Cohecho, cobrar cantidades ilegalmente. Prevaricación, dictar normas ilícitas a sabiendas. Mi nieto, que recopila términos jurídicos en un trabajo escolar, tiene estos dos vocablos fijados en una columna como en alfiler de insectos. Me sorprende su cuaderno y el diccionario abierto me lleva de sopetón a la complejidad cultural. El pupitre de nuestra posguerra era más simple con aquella enciclopedia de Dalmau que exaltaba un Salvador divino y otro humano reforzados ambos entre sí y unas matemáticas mal aliñadas.
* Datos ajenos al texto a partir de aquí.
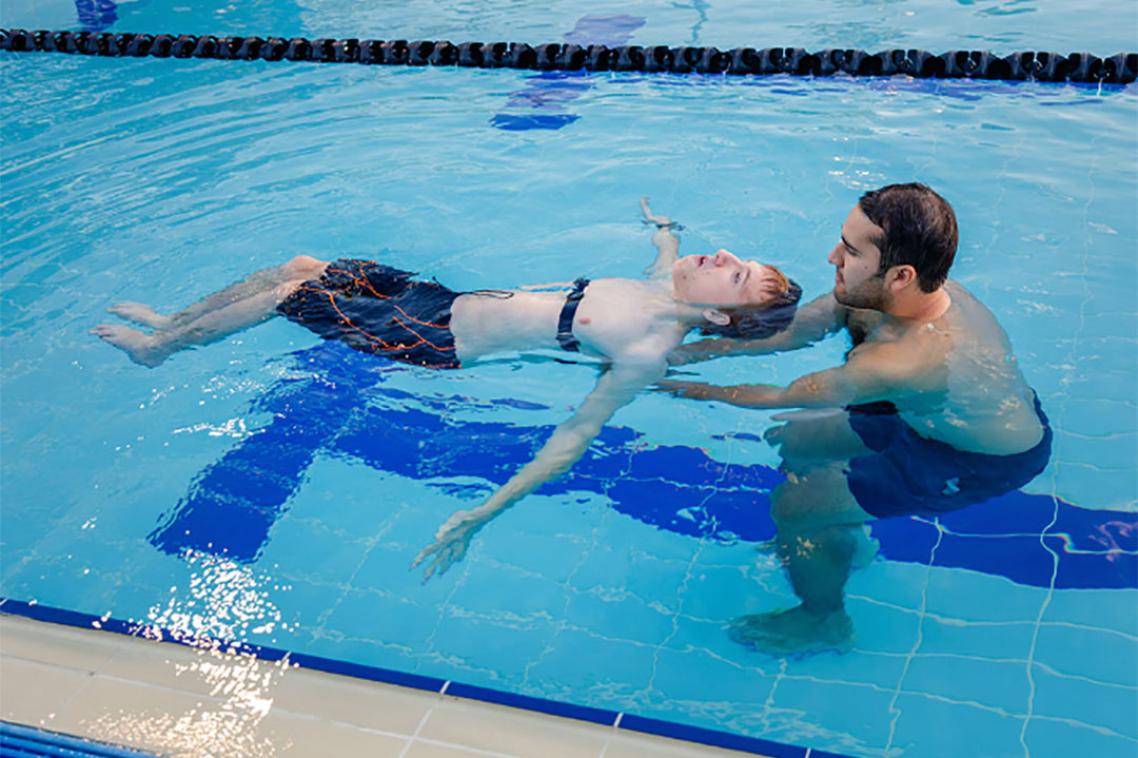 Trainer helping paralympic athlete in pool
Ahora la práctica pedagógica rehuye el lenguaje dormido y elige la palabra viva escarbando en los periódicos, esta es la cuestión.
No me gusta ayuntamiento pero es palabra con solera que conserva el pueblo; el ayuntamiento envolvía a la familia como un manto protector en la baja administración. La alcaldía fue una institución que siempre se distinguió por la sensatez, nuestro teatro del siglo de Oro lo atestigua. Alcaldes recios a lo Pedro Crespo han pasado a la historia como genuinos representantes de un pueblo con salud moral; el cargo tiene por misión administrar el común, honradez y mesura. Y si alguna vez se extralimitó levantando las gentes contra el francés, no deja de ser excepcional. Resultaba imposible al hombre medio sospechar el desmadre que traerían a los concejos las libertades democráticas. No han estado a la altura muchos olvidando que este título es una encomienda del pueblo, que es limitado y no vitalicio, que es servicio y no un ejercicio de vanidad, que su contenido humanístico debe fecundar el jurídico, que es administrativo antes que institucional y que por tanto los comportamientos han de estar presididos por la honestidad.
Es verdad que muchos no han estado a la altura y hay que admitir con justicia que la erosión más grave de nuestra democracia se ha dado en funcionarios electos muy cercanos al pueblo. Sobre todo en el amparo de la poca merecida autonomía de las administraciones locales. Es un espectáculo triste al que no debemos acostumbrarnos, ver a algunos en la puerta de los juzgados aplaudir a la corrupción. Esta es la verdadera crisis, para muchos humana antes que económica. Más que nunca necesitamos alcaldes adornados del honor que es el patrimonio del alma, o sea, democráticos: con mi hacienda, pero con mi fama no, decía el alcalde calderoniano. Si no toman nota los partidos y se convierten en escuelas de la moral pública, se nos hunde la democracia porque se hará insoportable dentro de ella el hedor. Pero para eso deberán ser conscientes los políticos de que es más digno y más rentable el bien común que los bienes familiares y menos aceptable la prepotencia que la hombría de bien.
Conseguir una meta en la vida social es digno de encomio: así, poseer un título universitario, el acceso a un cargo, el triunfo electoral. Igualmente contraer matrimonio, bautizar un hijo o incluso un entierro honroso. Antiguamente se volvía de la batalla cargado de honores, lo celebra el primer poema de la modernidad. Ser honestos sin embargo se disfruta silenciosamente, sola la alegría sentida en la intimidad; no queda tiempo en la vida moderna para gozarse en el espíritu porque exige seguir sendas por donde han ido los pocos sabios de este mundo. Fray Luis lo cantaba y lo ofrecía al hombre común. Todo esto se presupone para la bonhomía. Los políticos, que en este nuevo orden se ofrecen como garantes de la convivencia, no han estado a la altura. Ni siquiera los votantes, viendo los resultados, hemos estado. Tendremos que pararnos a reflexionar.